» **EXERCISE OBJECTIVE**: With pictures left out, write out exactly every line from the start of the data through the one that contains "Davidoff Cool Water".

Web page caption snippets:
########################################

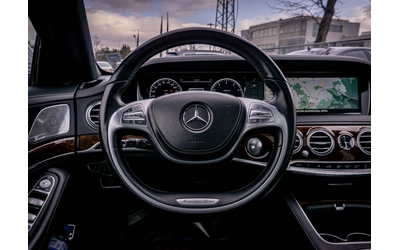 Mercedes-Benz S 500 Long-4MATIC-Webasto-NightVision-FULL! - автомобили, коли, обяви за нови и употребявани 9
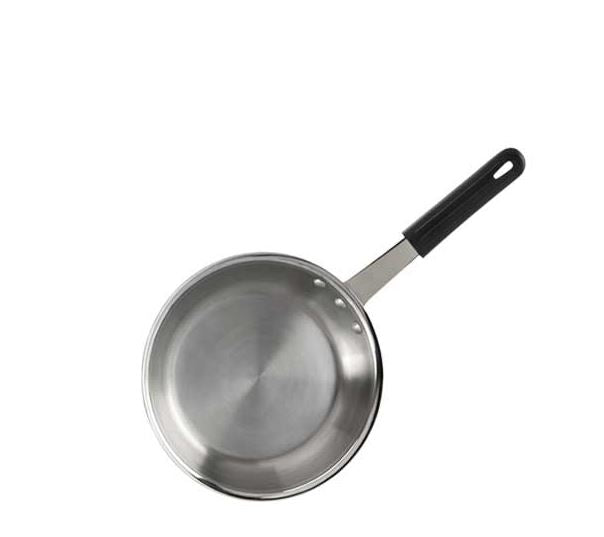 Sartén de acero con mango de neopreno 18 cm MOV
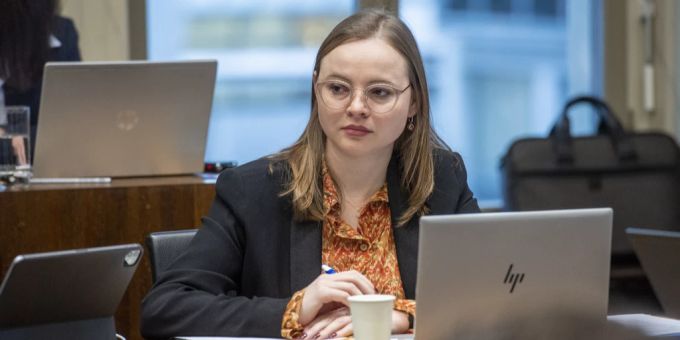 Die Zuger Regierungsrätin Laura Dittli wird Präsidentin der Konferenz der Zentralschweizer Polizeidirektorinnen- und -direktorenkonferenz. (Archivbild) Laura Dittli
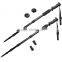 Inner Lock Shock Resistant Adjustable Aluminum Trekking Pole Hiking Stick Supplier's Choice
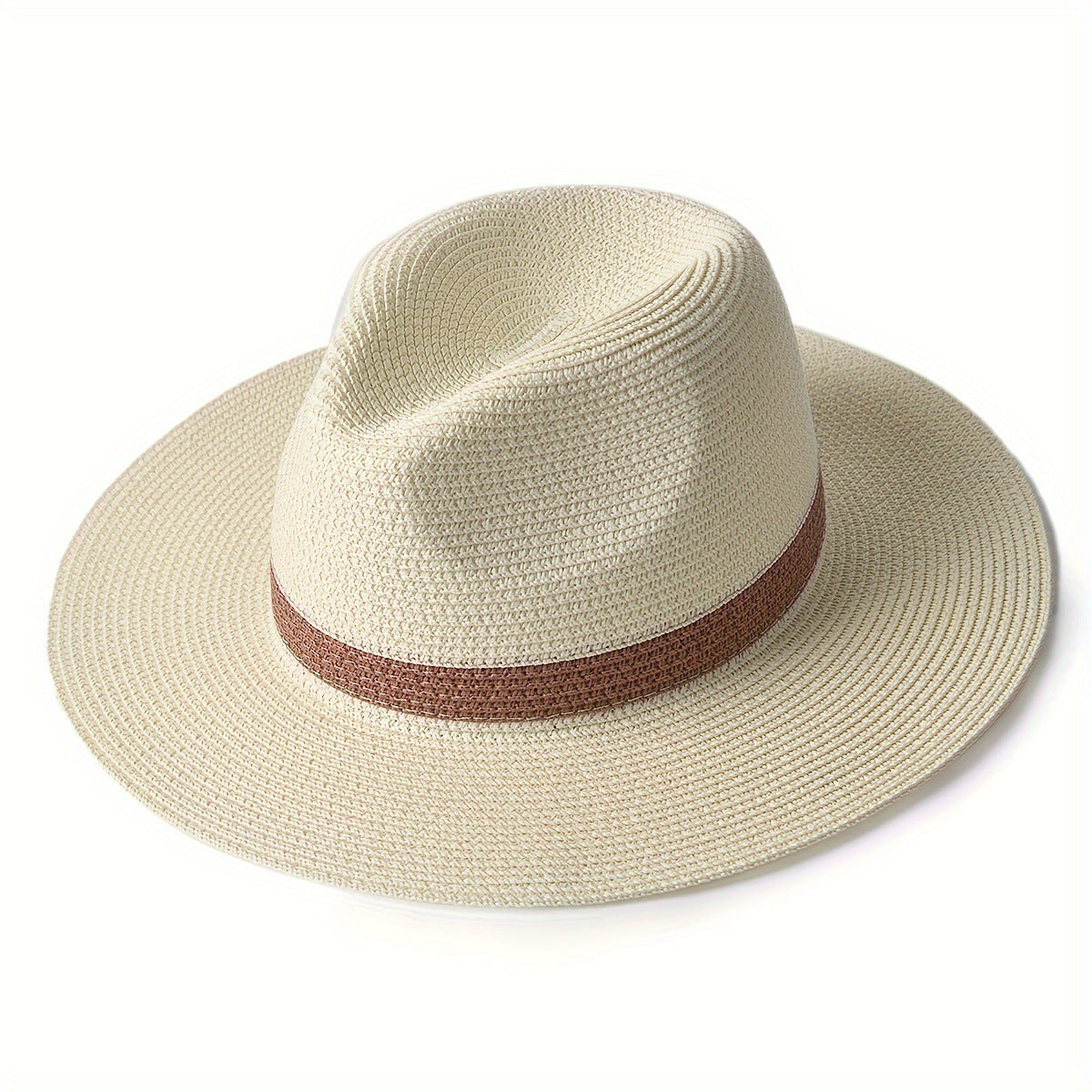 Stylish Panama Sun Hat for Men and Women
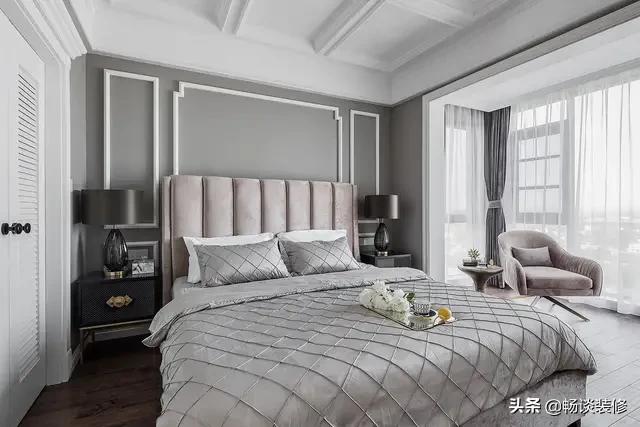 床头背景墙装修效果图-床头背景墙装修效果图2023新款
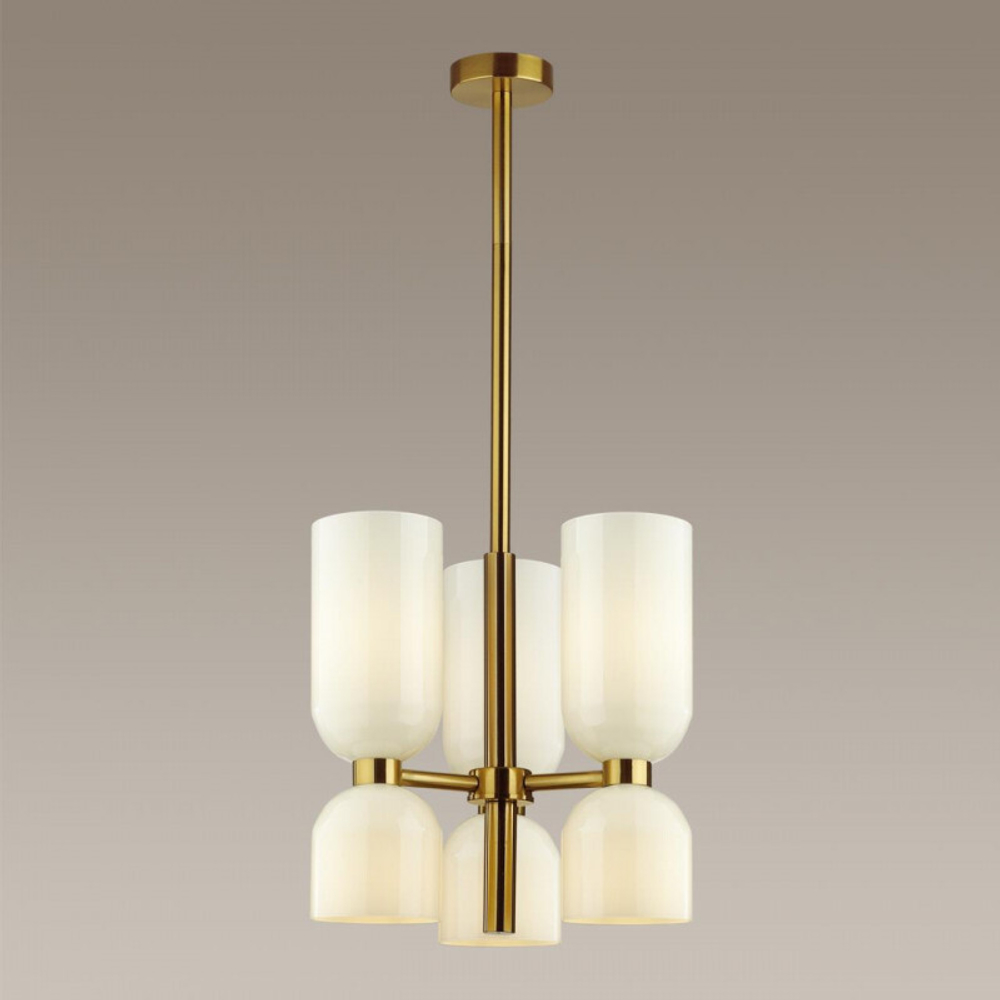 Люстра на штанге Odeon Light 4798/6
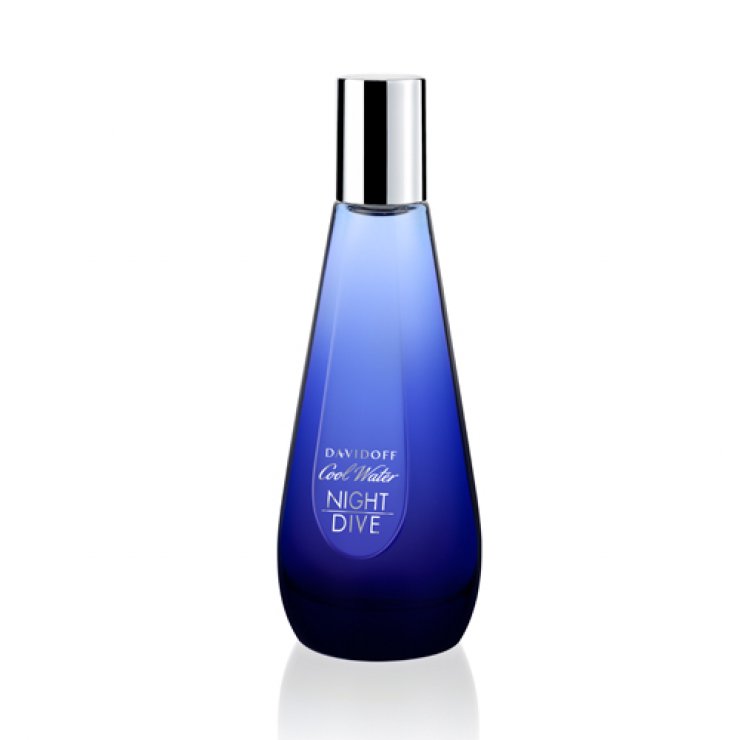 Davidoff Cool Water Woman Night Dive: αισθησιακό woody floriental
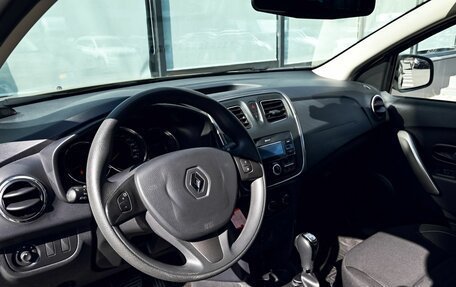 Renault Sandero II рестайлинг, 2017 год, 1 245 000 рублей, 15 фотография
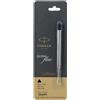 Parker Ricariche Penna A Sfera BP Punta Fine 0,8mm Blu/Nero New Quink Flow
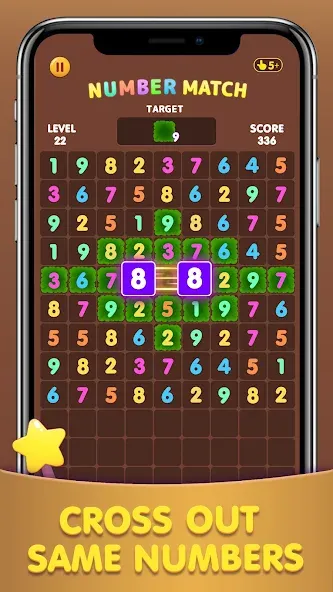 Number Match: Ten Crush Puzzle (Намбер Матч)  [МОД Mega Pack] Screenshot 5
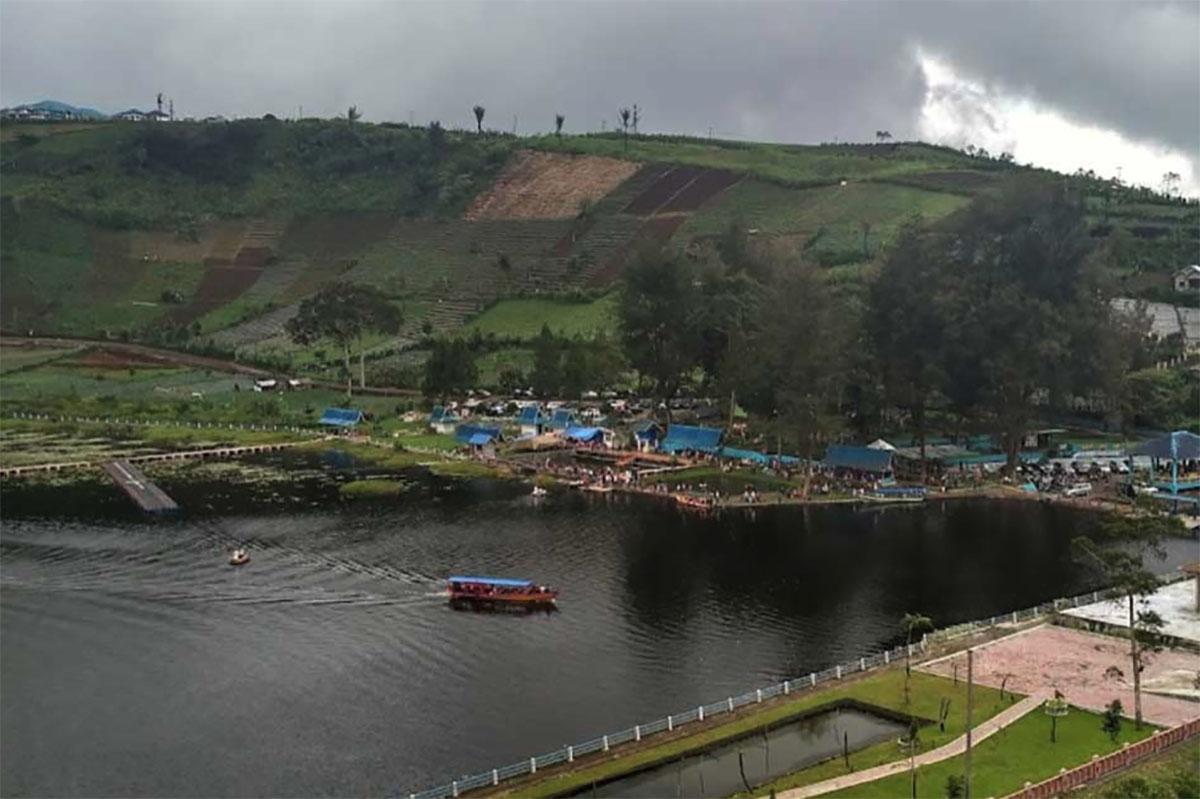 Wisata Danau Mas Harun Bastari Bengkulu yang Tak Kalah Indahnya Dari Danau Dendam Tak Sudah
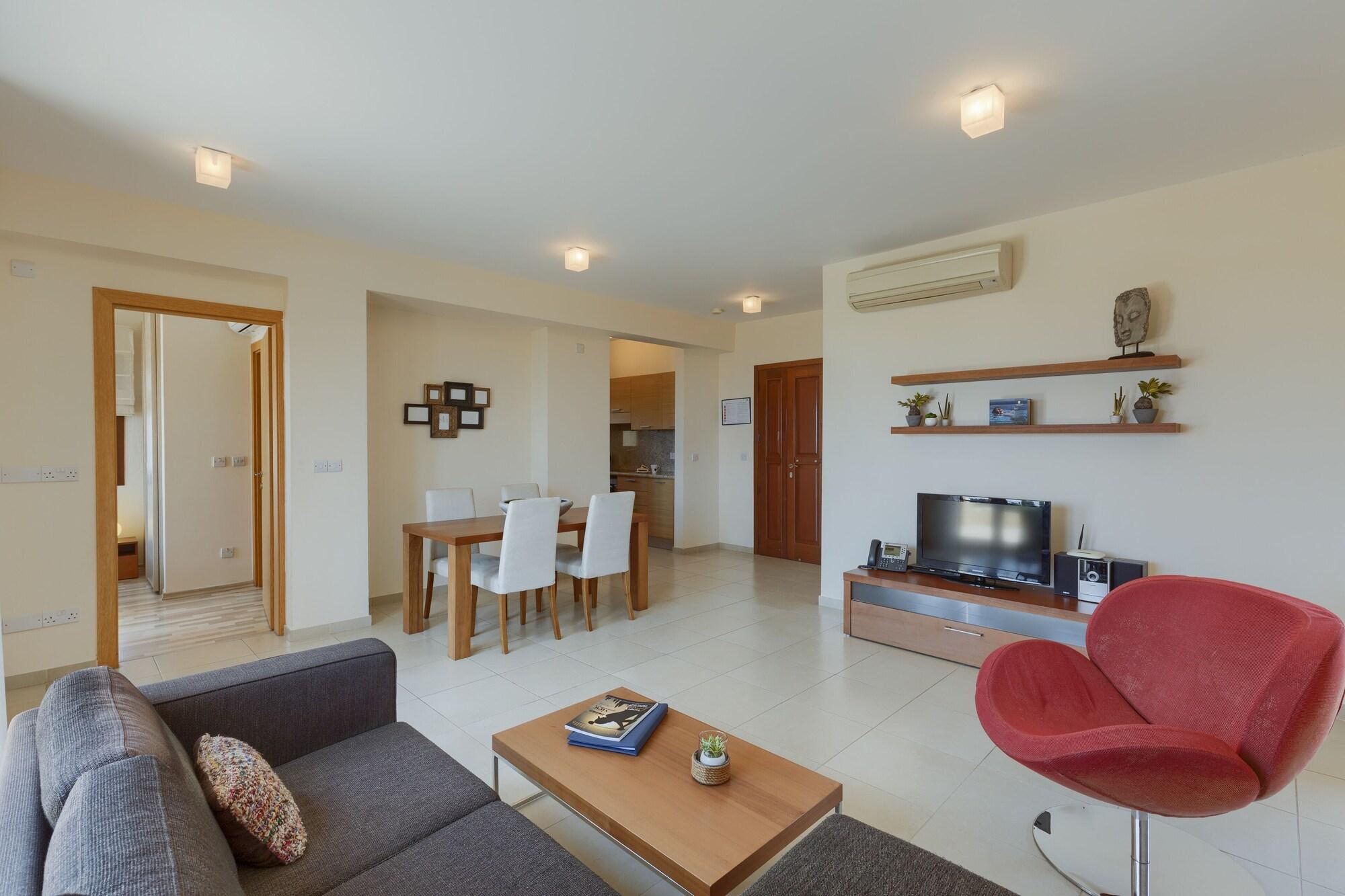 Aphrodite Hills Holiday Residences Bagian luar foto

########################################

» **YOUR SOLUTION**:
 Mercedes-Benz S 500 Long-4MATIC-Webasto-NightVision-FULL! - автомобили, коли, обяви за нови и употребявани 9
 Sartén de acero con mango de neopreno 18 cm MOV
 Die Zuger Regierungsrätin Laura Dittli wird Präsidentin der Konferenz der Zentralschweizer Polizeidirektorinnen- und -direktorenkonferenz. (Archivbild) Laura Dittli
 Inner Lock Shock Resistant Adjustable Aluminum Trekking Pole Hiking Stick Supplier's Choice
 Stylish Panama Sun Hat for Men and Women
 床头背景墙装修效果图-床头背景墙装修效果图2023新款
 Люстра на штанге Odeon Light 4798/6
 Davidoff Cool Water Woman Night Dive: αισθησιακό woody floriental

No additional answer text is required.